Get to sleep stay asleep
The last thing you think about before you go to sleep. Why is this relevant? It really sets the tone for how we sleep. When we are asleep we have different sleep cycles. Body repair and then mental re-coalition takes place. The first four hours are really devoted to physical recovery. Then the last four hours are really devoted to mentally clearing out things and collating things for coherency, etc.
On the physical side of it, this is where hormones are pumped into our body to repair. So not only do we not get mental recovery but we don’t get physical recovery without enough sleep. So, we get inflammation. Which is the gateway to majority of the diseases out there. Why I want this to be a topic is to help promote how to get to sleep and stay asleep.
In my experience, the importance is to sit there with our head on our pillows at night and give ourselves permission to get to sleep. The reality is that life does not need us for those seven hours. Though we think it does or we think we need to solve one more problem before we go to sleep. The challenge there is that often times resolving problems and significant challenges on a battle fatigued mind that has ten, sixteen, eighteen hours of effort put into it that’s expended there’s not a lot of energy. There’s a lot of neural battle fatigue. It’s really easy to make an amateurish middle error that could cost us dearly on many different levels. When we put our head on the pillow and we say to ourselves, deliberately, that there is nothing more I can do today. There’s certainly plenty of time to screw it up by staying up later and trying to resolve things more efficiently when we are dull. Again, the risk of that going south is very high. When we go to sleep, when we give ourselves permission to go to sleep, because we have affirmed and we have consciously committed to that then we are really trusting our body and its intelligence to provide answers to difficult problems that would be in our minds inbox in the morning when we wake up refreshed. That is the value of allowing yourself to sleep.
In order to do that we have to be able to trust that side of ourselves. That we know to instinctively be true. When our human nature is trying to talk us into “you better do this” “you better solve this” “you better get this straightened out” that’s a human nature thing that’s a fear based survival instinct we live with day in and day out. Which has not been proven itself to be successful over time. When we look at the reality of what our track record is with that; can we successfully engage this other way of thinking? When we think about letting go for seven hours and we say to ourselves “you know what? The world doesn’t really need us for these next seven hours.” There is nothing so urgent that you need to respond to, generally. Of course, there are always a few exceptions. But that is more than likely not the case.
In review, when we have vetted and checked off everything and we lay in bed at night and we say is there anything left to do. If there is, is the risk of ruining it on a battle fatigued mind that we will regret actually worth it? The answer is most likely, no. the gift is when we wake up the next day and check our mental inbox generally a better solution is there because we trusted in this process.

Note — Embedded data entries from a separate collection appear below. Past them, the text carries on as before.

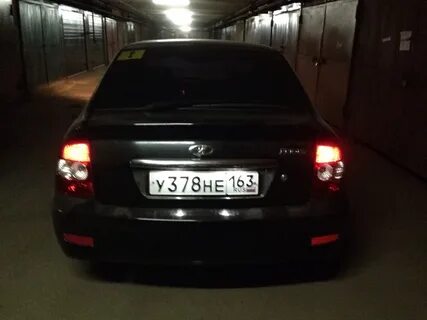 Задняя подсветка приора
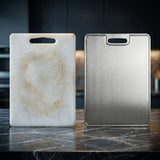 Cutting Board Silver Brushed Metal - Image 4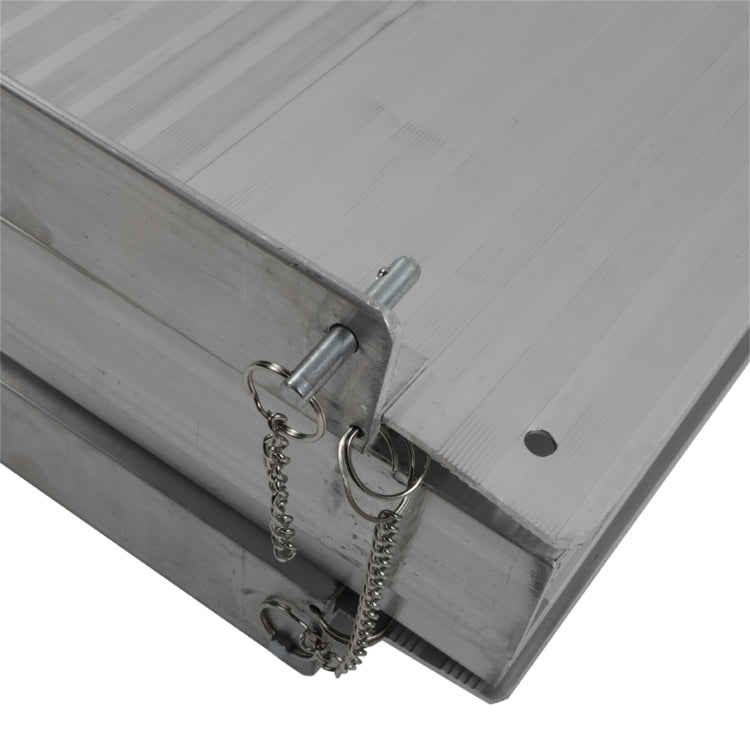 [US Warehouse] 7FT Portable Multi-folding Aluminum Wheelchair Loading Ramp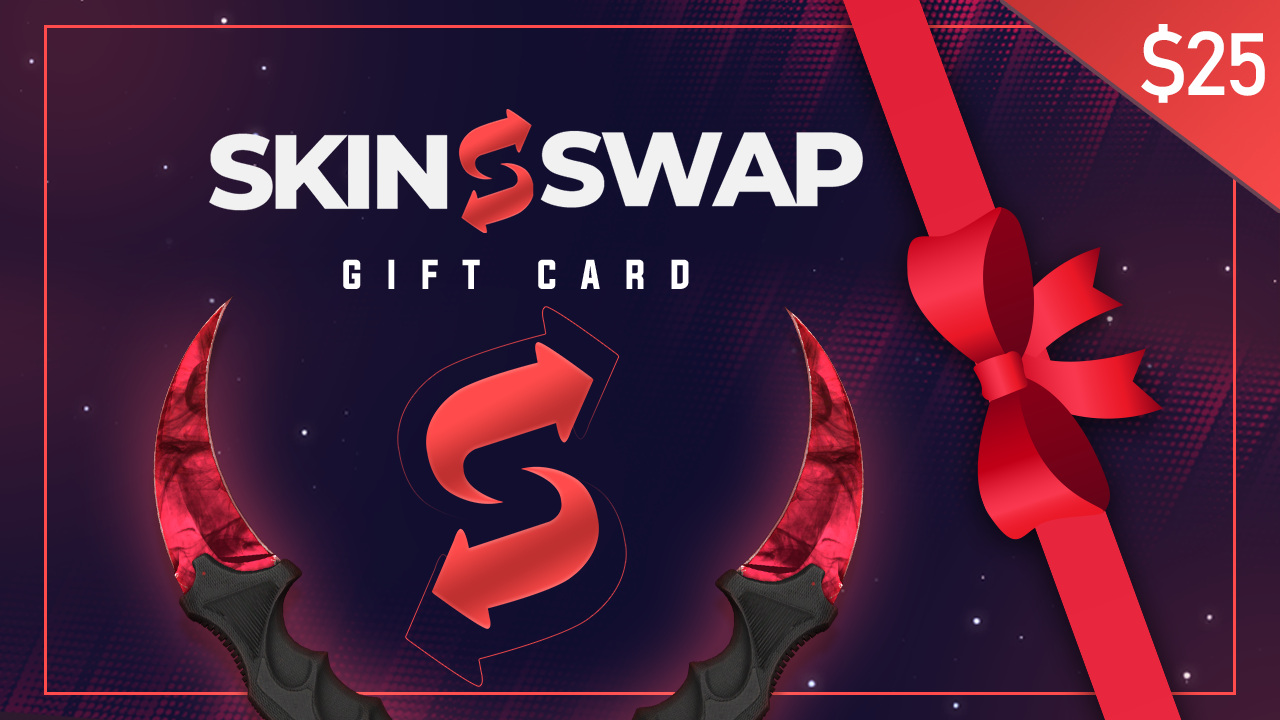 SkinSwap $25 Balance Gift Card (21.54$)
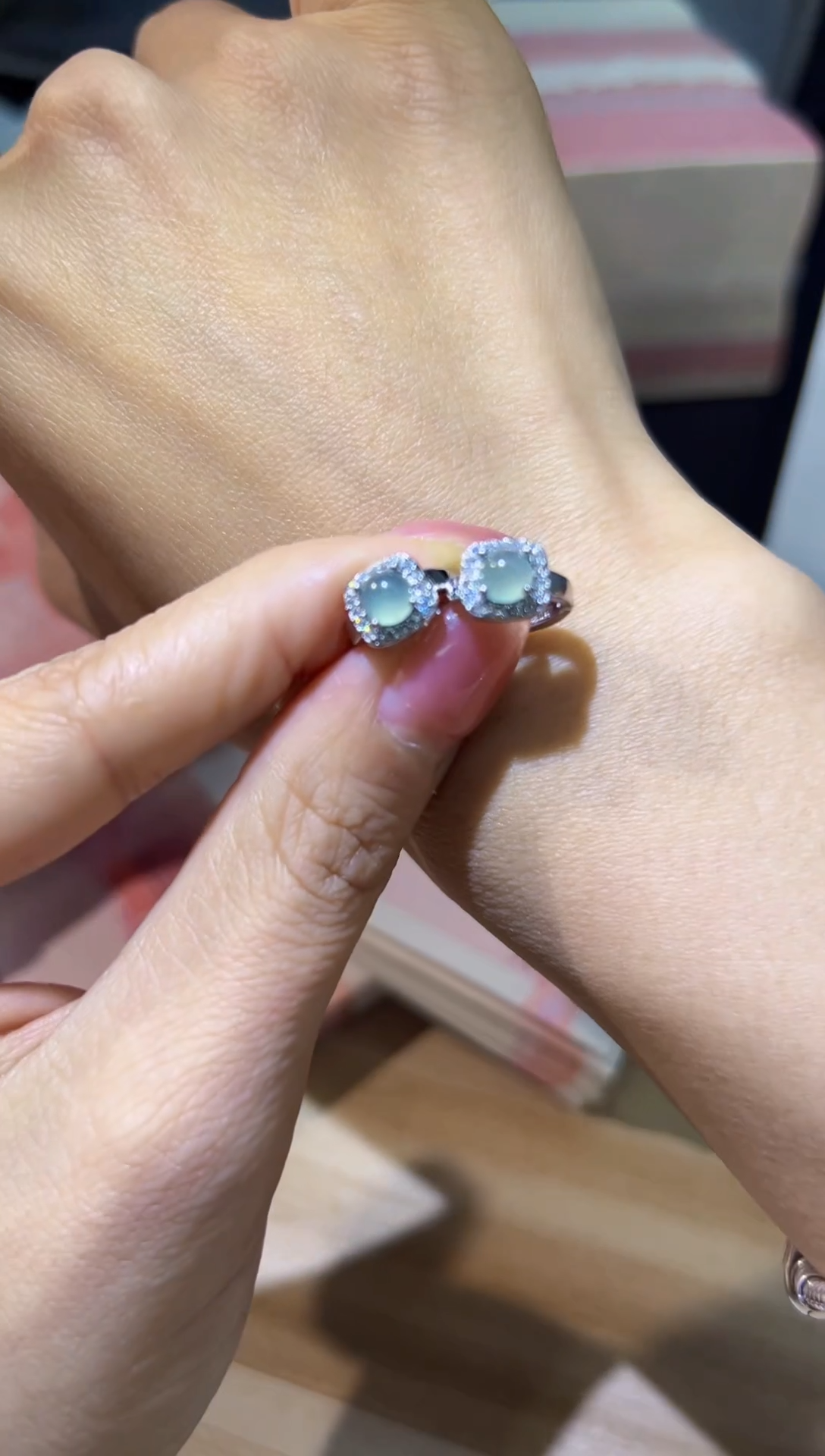 【闪购商品】翡翠耳饰未镶嵌 Q翡翠/多样性发货/一件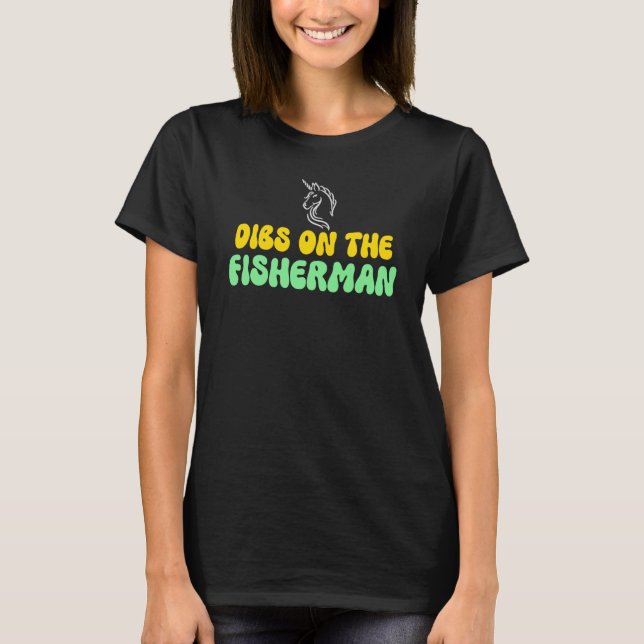 Camiseta Dibs On Fisherman Girlfriend Wife Gf St Patricks D (Anverso)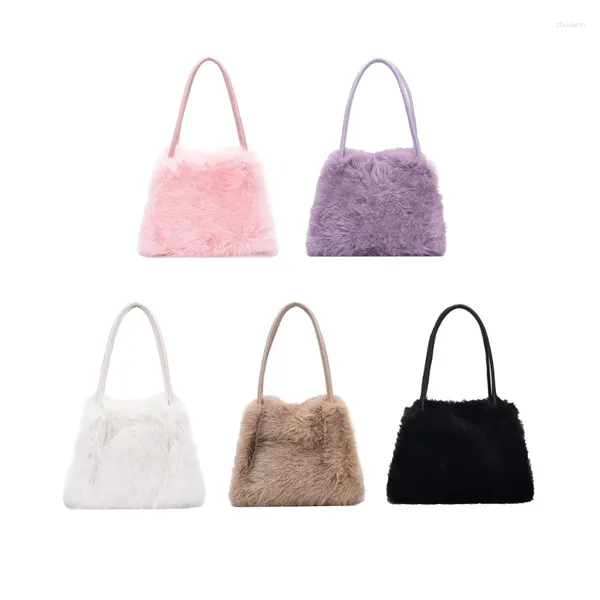 Borse da sera Borsa pelosa Borsa a tracolla singola in peluche Comoda e affidabile sotto le ascelle perfetta per le fashioniste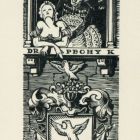 Ex-libris (bookplate) - Dr. K( álmán) Péchy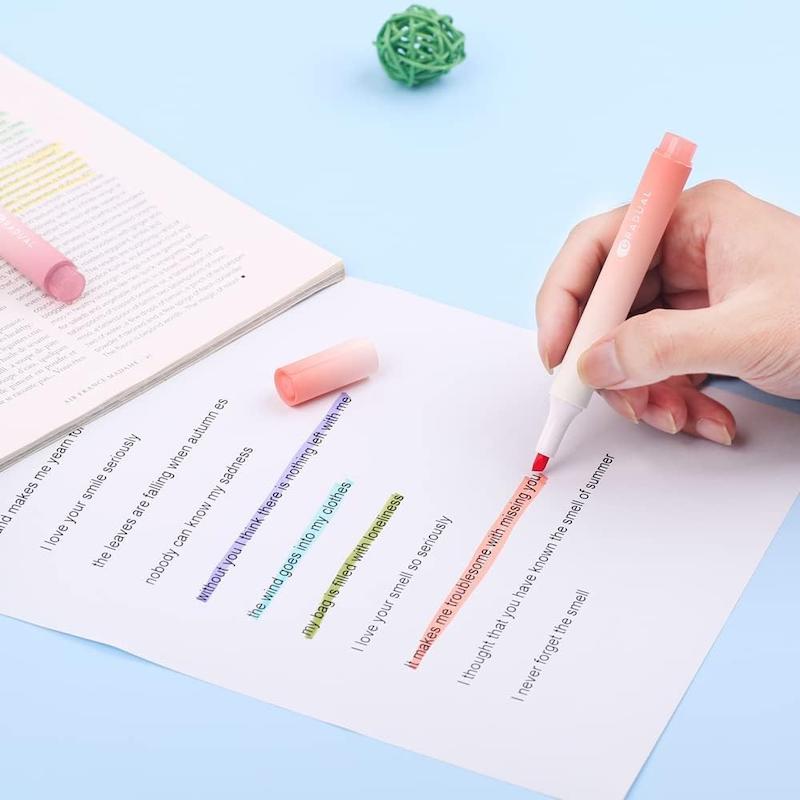 ماژیک هایلایتر پینترستی/ماژیک علامت زن پاستیلی بسته 4 عددی کد 99960244 dreamy cute highlighter marker students stationery www.poonelstore.com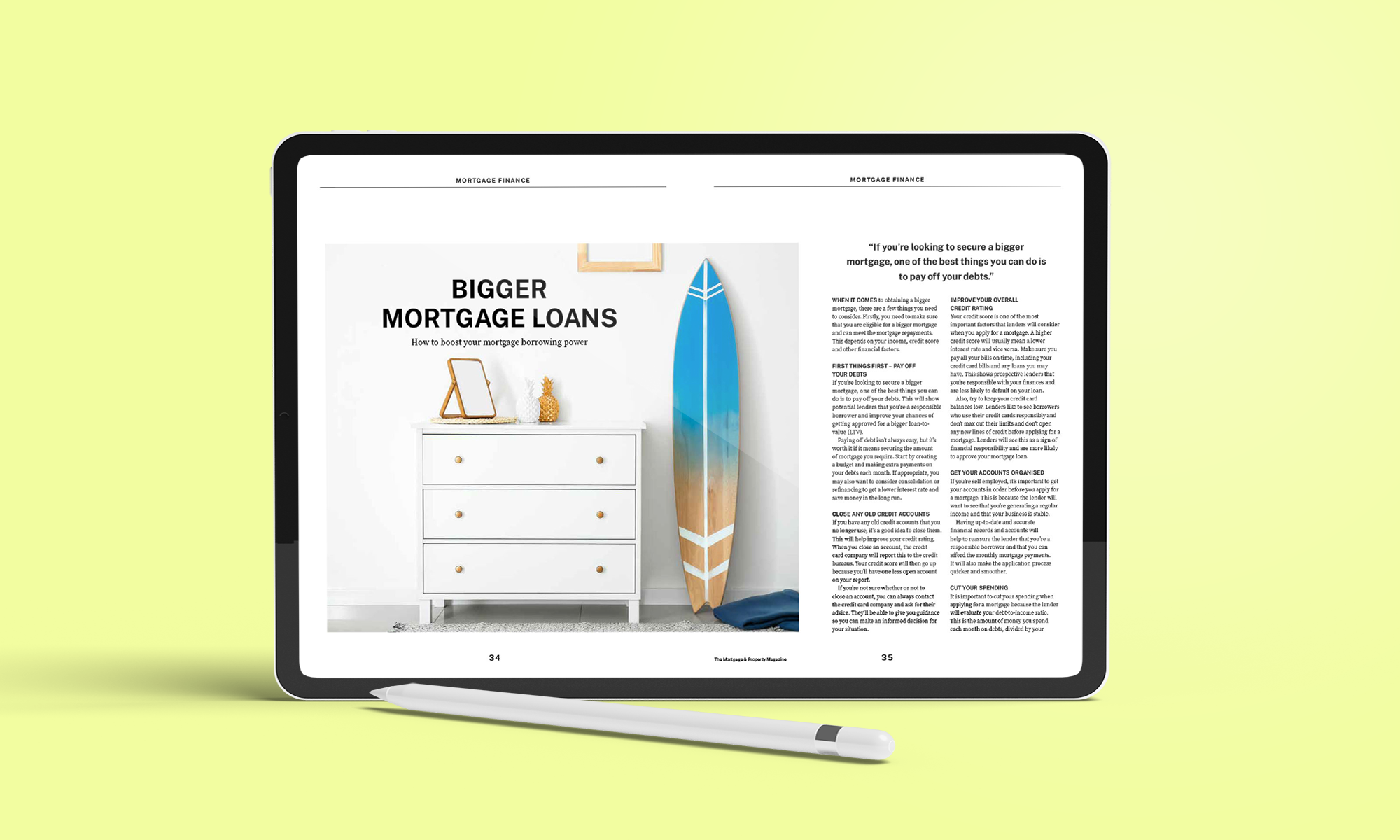 Mortgage finance1
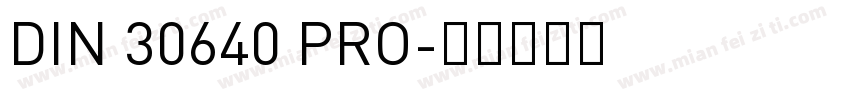 DIN 30640 PRO字体转换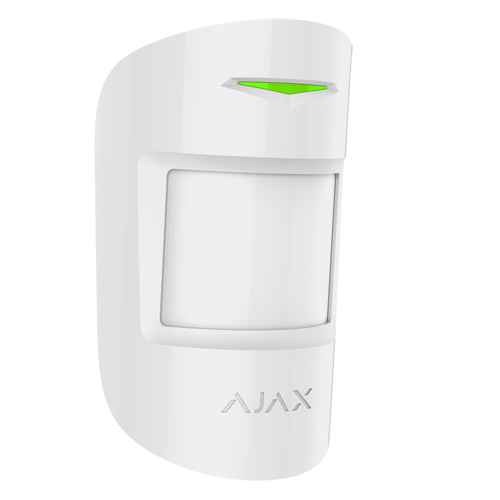 Detector PIR Ajax MotionProtect Plus Grado 2 | PIR + Microondas | 12m | Blanco. AJ-MOTIONPROTECTPLUS-W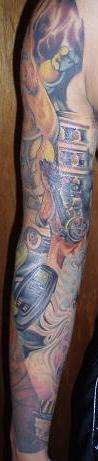 Ghostbusters sleeve tattoo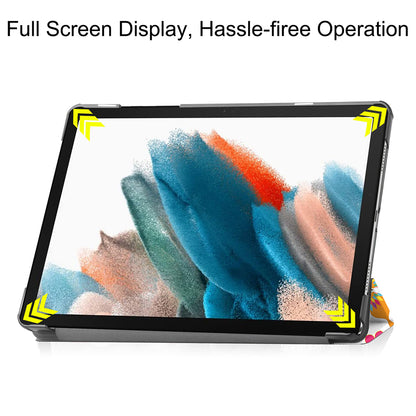 Husa pentru Samsung Galaxy Tab A11+ / Tab A9+, Techsuit, FoldPro Butterfly, Multicolor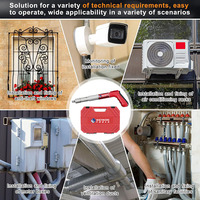 Kit de pistolet à clous industriel portable en acier inoxydable pour béton, poignée en plastique, manuel, haute efficacité, ODM, usage domestique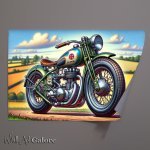 Buy Unframed Poster : (Cool Cartoon BSA Bantam Motorcycle Art)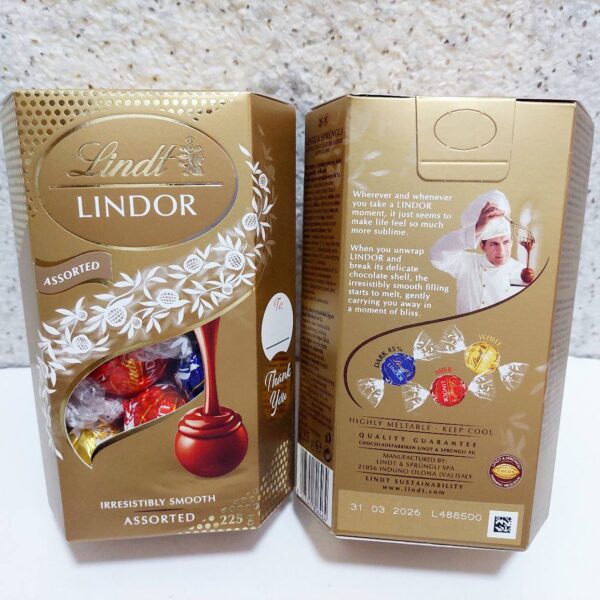 Цукерки праліне Lindt Lindor Асорті, 225 грам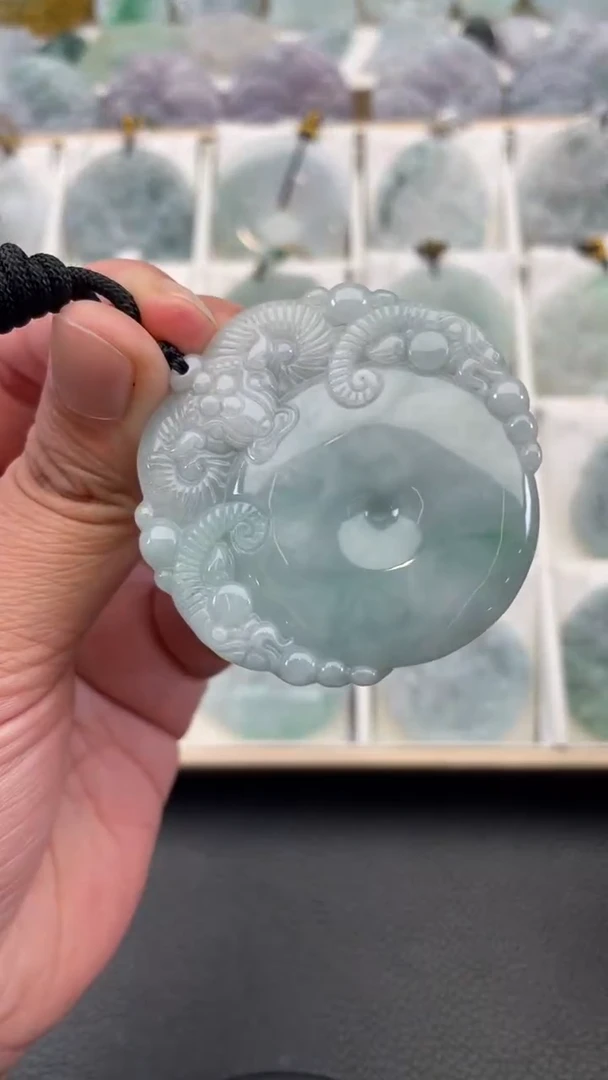 颈饰未镶嵌翡翠天然缅甸翡翠A货37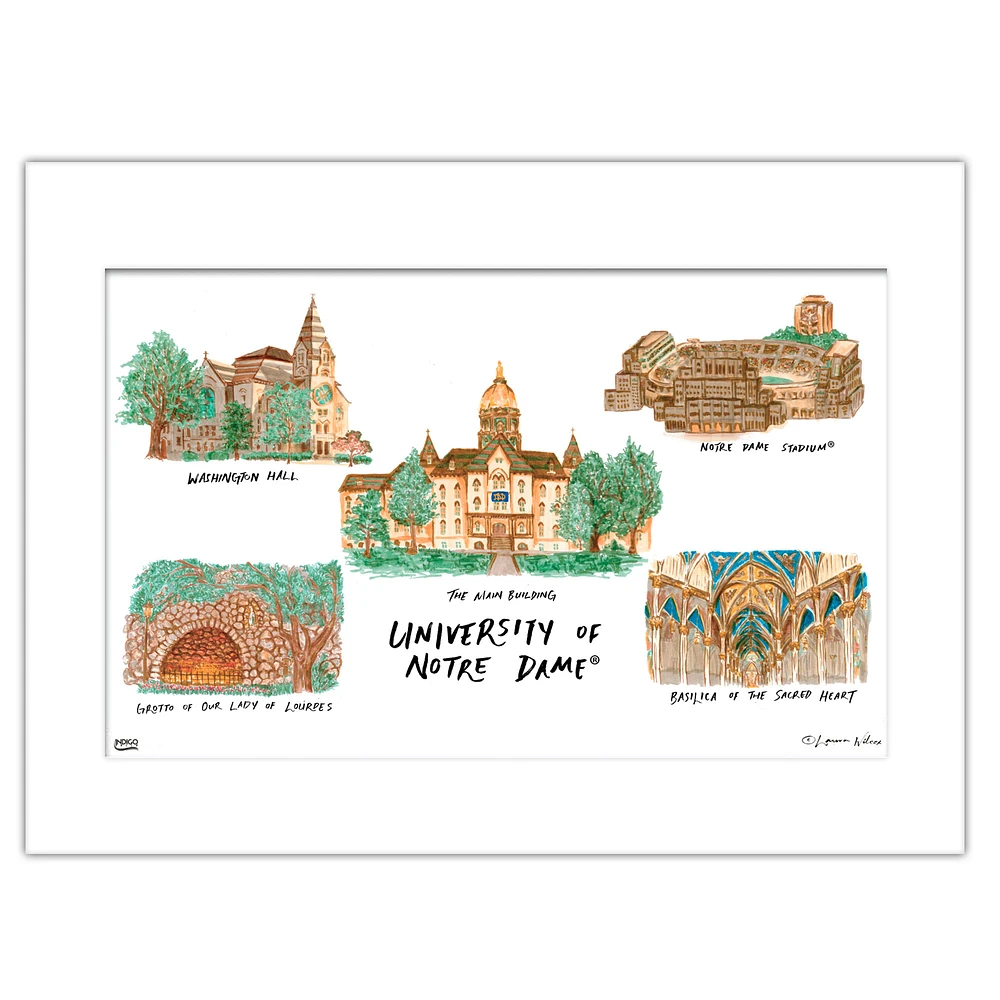 Notre Dame Fighting Irish 11" x 14" Matte University Wall Art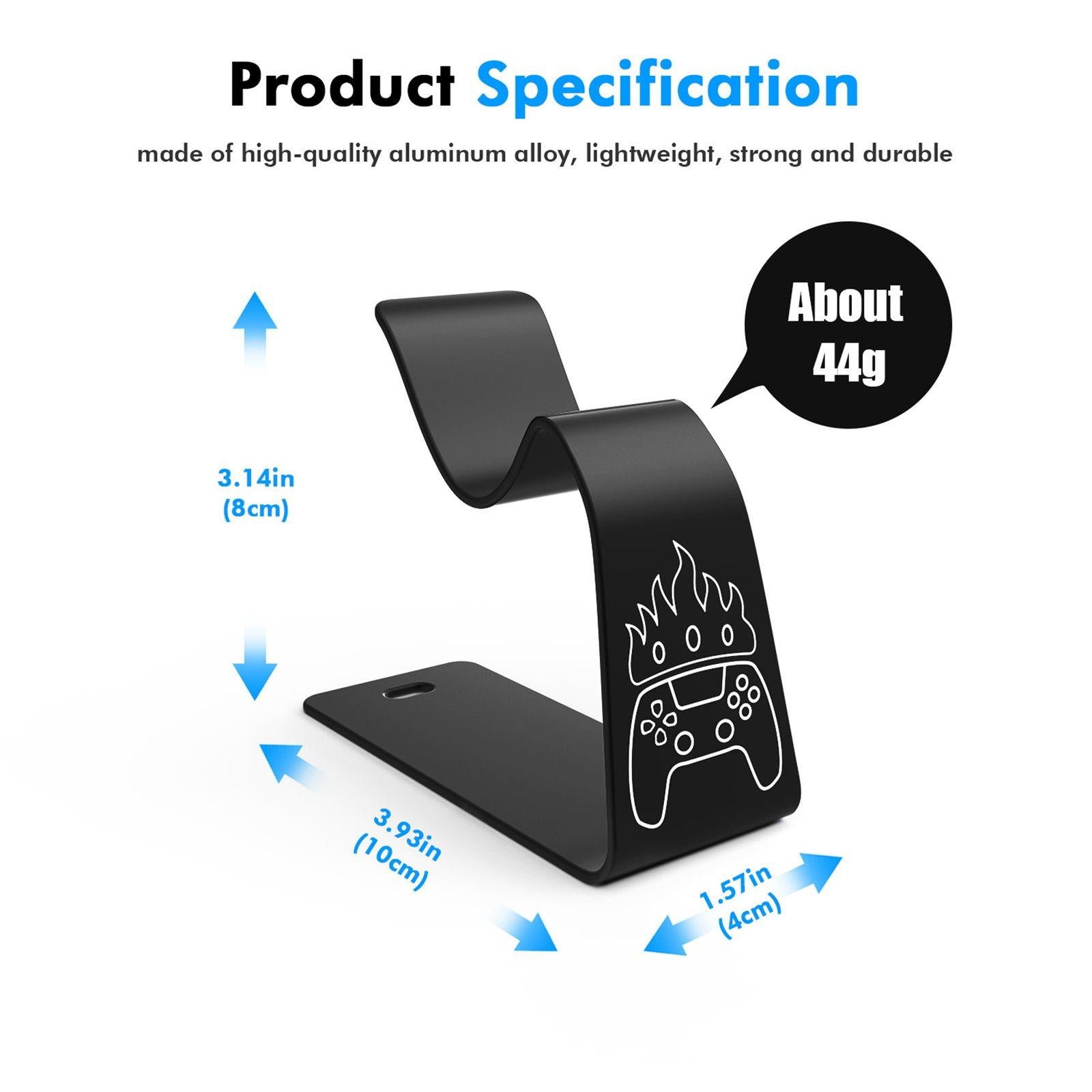Game Controller Holder Controller Stand Holder for PS5 Controller Black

So, when we do that, when we give ourselves the permission to go to sleep, along with maybe a little help from diaphragmic breathing to slow things down, then we allow ourselves to get to sleep and stay asleep. With the assurance that we will have a much better morning, and be much clearer than we were the night before. We will have more confidence. Once we do that a few times we will really start to see the merit of it.
I’ll admit it IS hard to trust it. Our human nature does not want to trust it. It wants to take control. It wants to manipulate. It wants to steer the bus with a death like grip. But this will really give you a lifetime engagement that will give you the wisdom to create the legacy you ARE capable of.